The programme uncovered the rise of recruitment agencies which specialise in bringing on board as many as 80,000 fake reviewers in the region, which includes Singapore. The programme also spoke to a recruiter, who referred to the practice as a “marketing strategy” to boost sales of a product.
Alibaba Group (Taobao), Lazada, Amazon and Zalora have not yet responded to Marketing‘s queries on their practices, while Shopee declined to comment.
Several industry players Marketing spoke to collectively agreed that fake reviews on e-commerce websites are “a serious threat” to their credibility in the eyes of consumers. Steven Yap, head of digital at Kingdom Digital Solutions Malaysia, said that despite the short term gain, companies risk losing its credibility and reputation. This comes as consumers are now getting smarter, and are able to discern genuine reviews from fake/insincere ones when researching a purchase.
“As the saying goes, people will always remember the things you did wrong and forget all the things you did right. Consumer trust is now most valuable for a brand and it takes time to build that relationship with consumers. One mistake can change everything,” Yap added.

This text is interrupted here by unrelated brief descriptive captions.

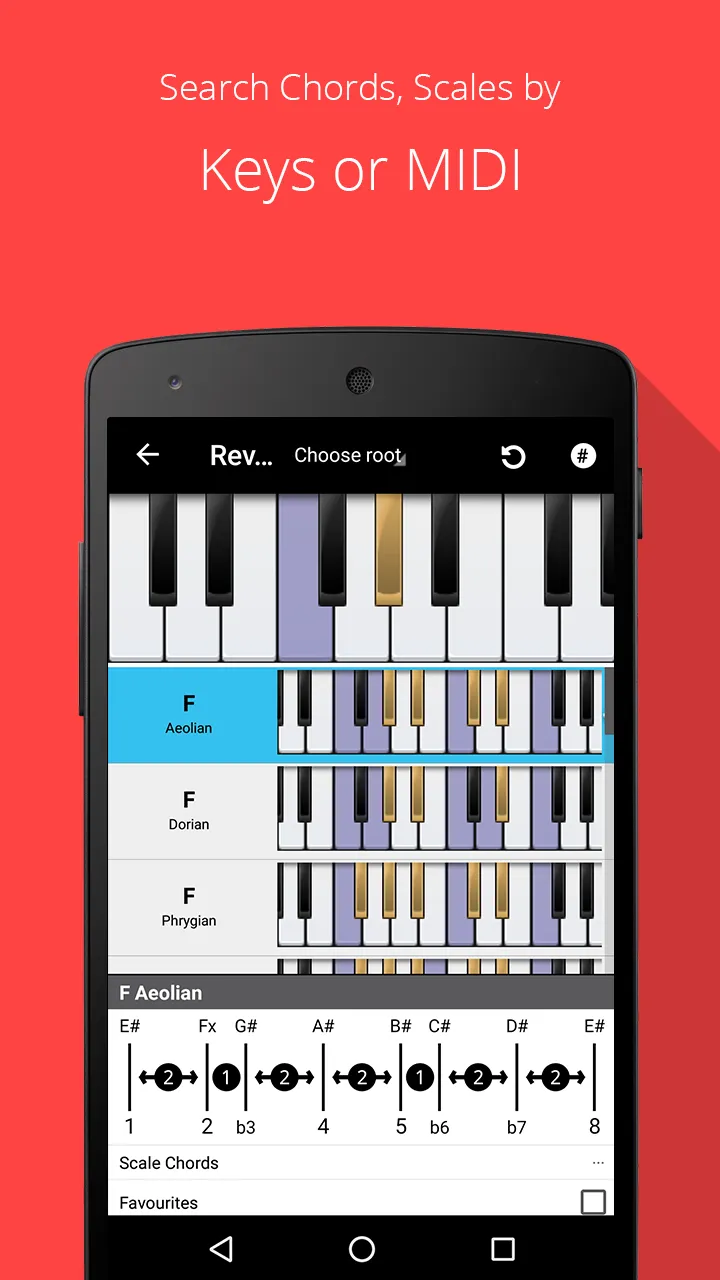 Piano Chord, Scale, Progressio | Indus Appstore | Screenshot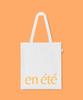 En Été A013 (Off-White/Orange-Yellow Logo)_Enête Seasonal White Line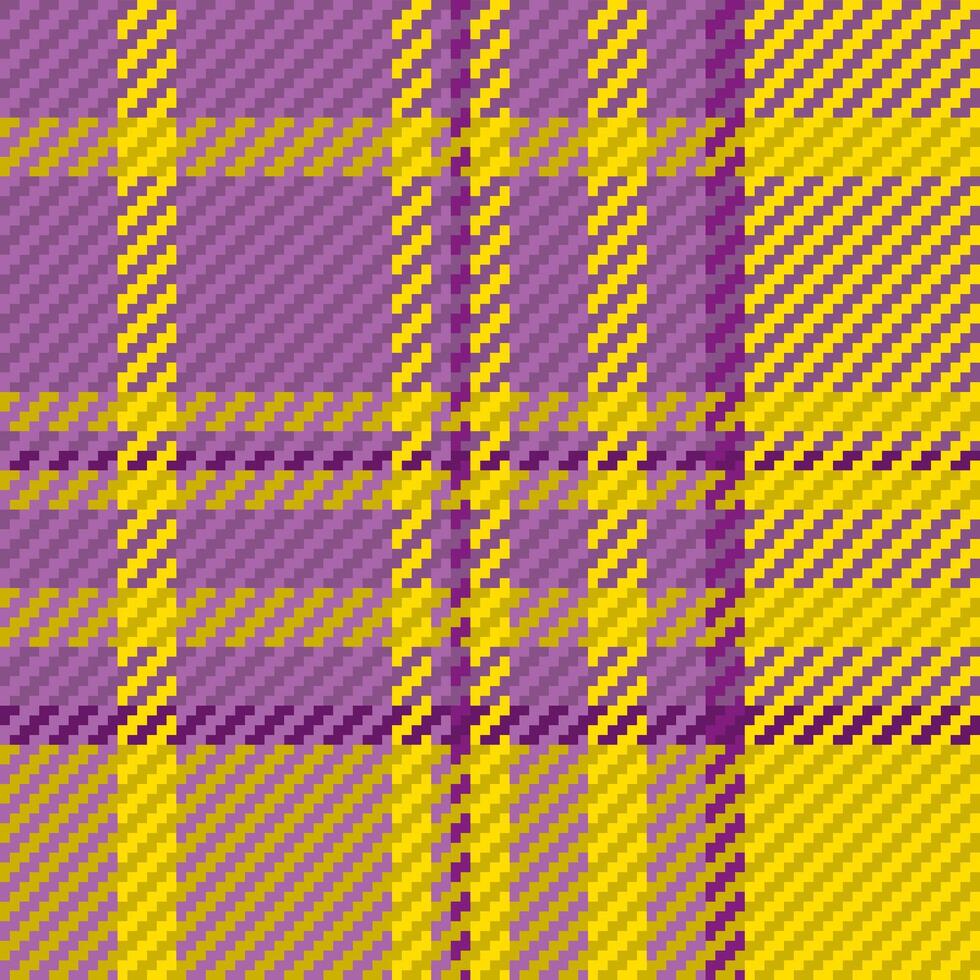 Seamless pattern of scottish tartan plaid. Repeatable background with check fabric texture. backdrop striped textile print. vector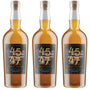 45 47 Patriot Edition American Whiskey - 3 Pack (750 ml)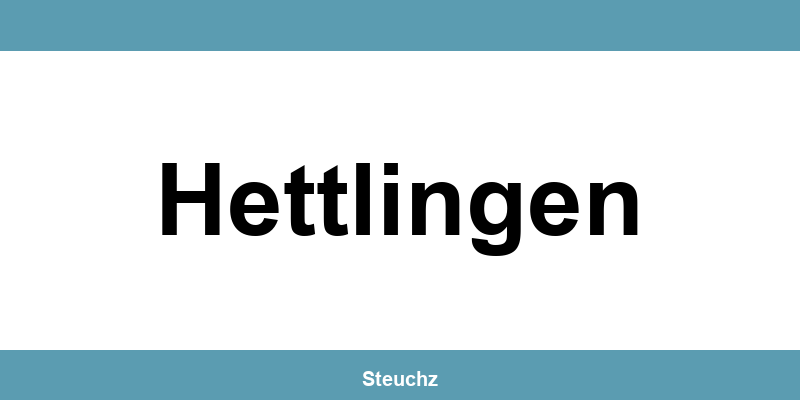Kontakt und Telefonnummer des Steueramt in Hettlingen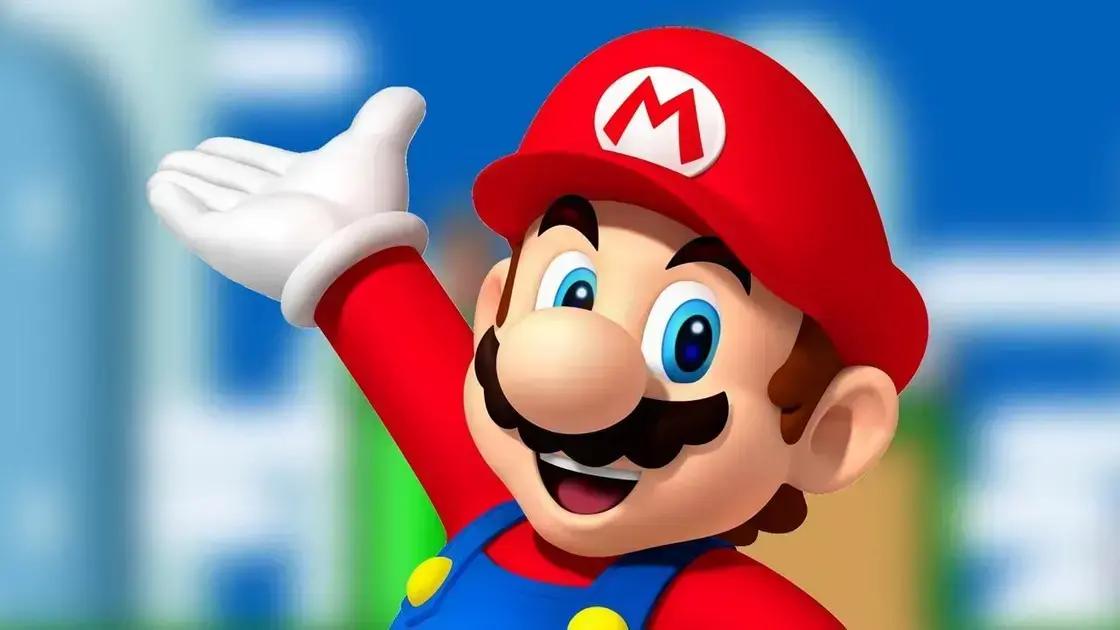Imagens Vazadas do Jogo Cancelado do Mario Após 30 Anos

How brands can safeguard themselves against fake reviews
While there may not be a foolproof way to sniff out fake reviews currently, Yap said it is incredibly important that e-commerce players put in the relevant measures to identify suspicious user behaviour on site.
This includes a spike in reviews for a certain product/seller in a short amount of time or multiple reviews that looks like it has been “cut-and-paste”. Reviews should also be filtered by verifying its authenticity based on the user’s profile, transaction history, and also past reviews.
Agreeing with Yap, Prantik Mazumdar, managing partner at Happy Marketer, added that e-commerce brands must find ways to solve this problem. This can be through automated or manual verification of the authenticity of user profiles and their past purchases, and through culling of fake profiles/false reviews. This is similar to how Facebook culls fake/duplicate users every year. Mazumdar added:
e-commerce brands need to ensure that fake reviews don’t exceed the 5% to 10% of their overall reviews to ensure that people continue to trust their platforms.
“Fake news and fake reviews are a bane of the digital era – and are an unfortunate by-product of the Internet democratising information flow. It’s a necessary evil that we will have to manage and live it for the foreseeable future,” Mazumdar added.
Also weighing in is Hemanth Magal, consulting partner, Ogilvy Consulting, who explained that brands also need to work together with e-commerce platforms to counter fake reviews. Additional measures include verifying product purchase and users, memberships, using algorithms, and linking reviewers to their social media accounts for recognition.
“e-commerce platforms are aware of the issues surrounding fake reviews and have created some standardised procedures to prevent it. Adding to the issue of fake reviews, more people are now searching on e-commerce platforms for product pages and reviews, rather than websites,” Magal added.